▶ [Activity] Only the lines below from the one that holds "Porto Empedocle, accusato" through the one that holds "7630 Yoe Street, Houston, TX 77016" should appear in the answer, copied exactly, end lines included and pictures omitted.

▶ [Material for this exercise]
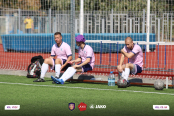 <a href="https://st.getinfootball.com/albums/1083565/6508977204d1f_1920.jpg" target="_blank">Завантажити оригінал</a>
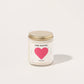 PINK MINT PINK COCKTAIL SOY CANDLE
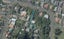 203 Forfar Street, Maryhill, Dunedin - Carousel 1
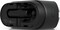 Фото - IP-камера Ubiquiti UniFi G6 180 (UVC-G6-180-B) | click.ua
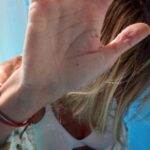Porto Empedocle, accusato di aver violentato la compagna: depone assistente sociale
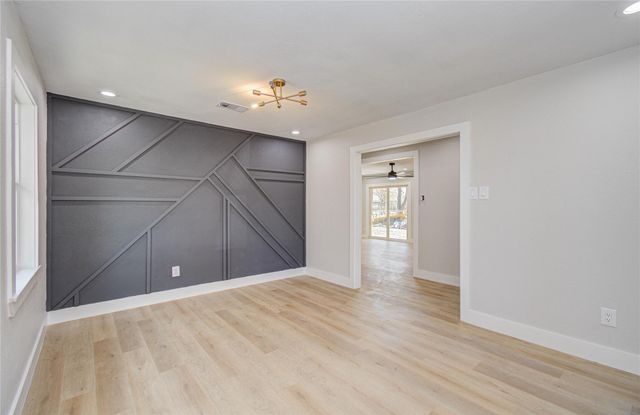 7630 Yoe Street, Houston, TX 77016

--

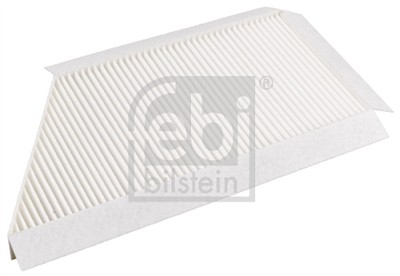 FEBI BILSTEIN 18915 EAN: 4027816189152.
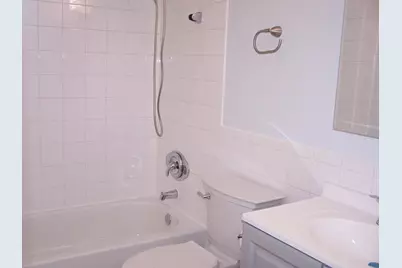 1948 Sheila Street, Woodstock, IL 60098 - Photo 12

--

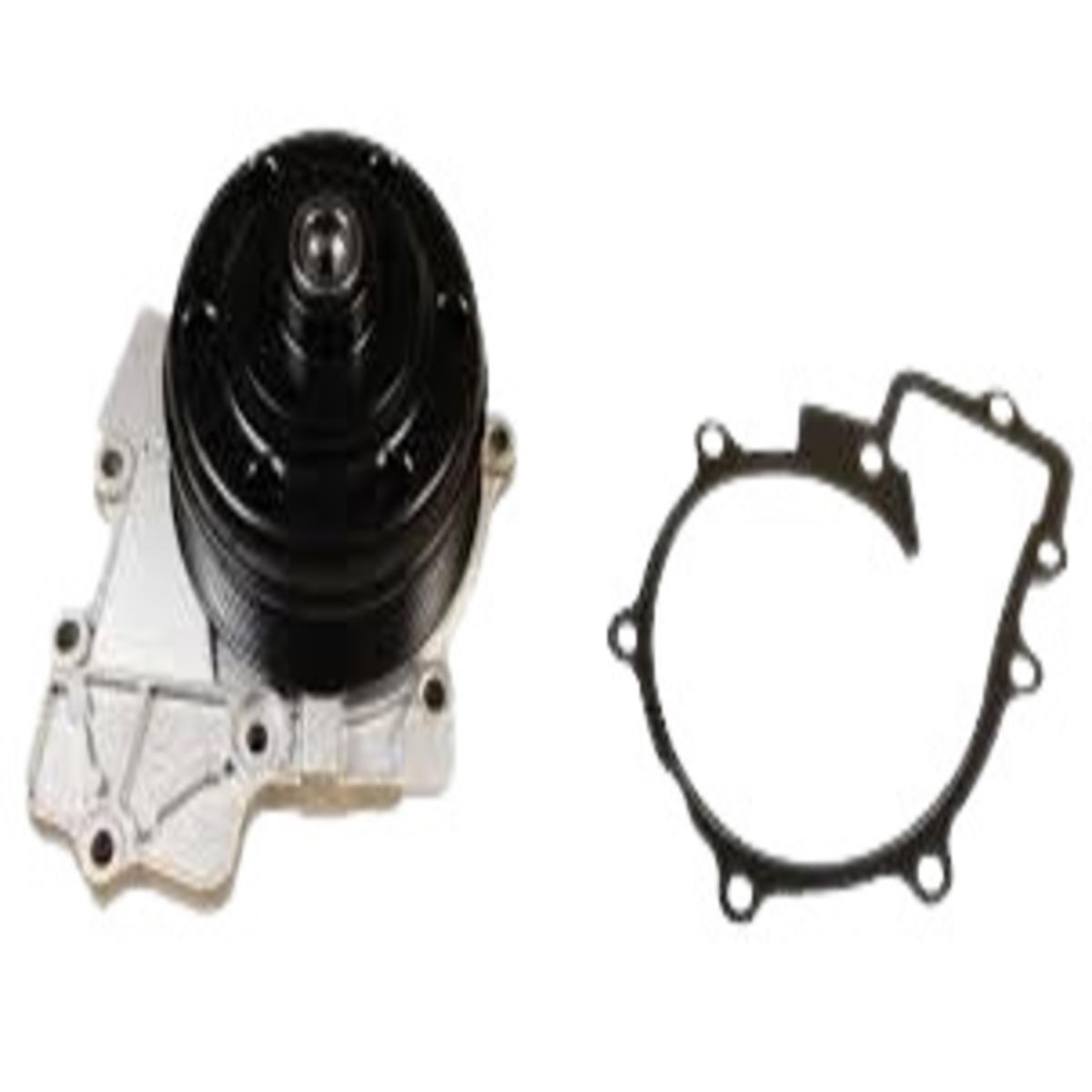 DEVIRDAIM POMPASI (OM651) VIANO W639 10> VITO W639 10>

▶ [Solution to this task]
Porto Empedocle, accusato di aver violentato la compagna: depone assistente sociale
 7630 Yoe Street, Houston, TX 77016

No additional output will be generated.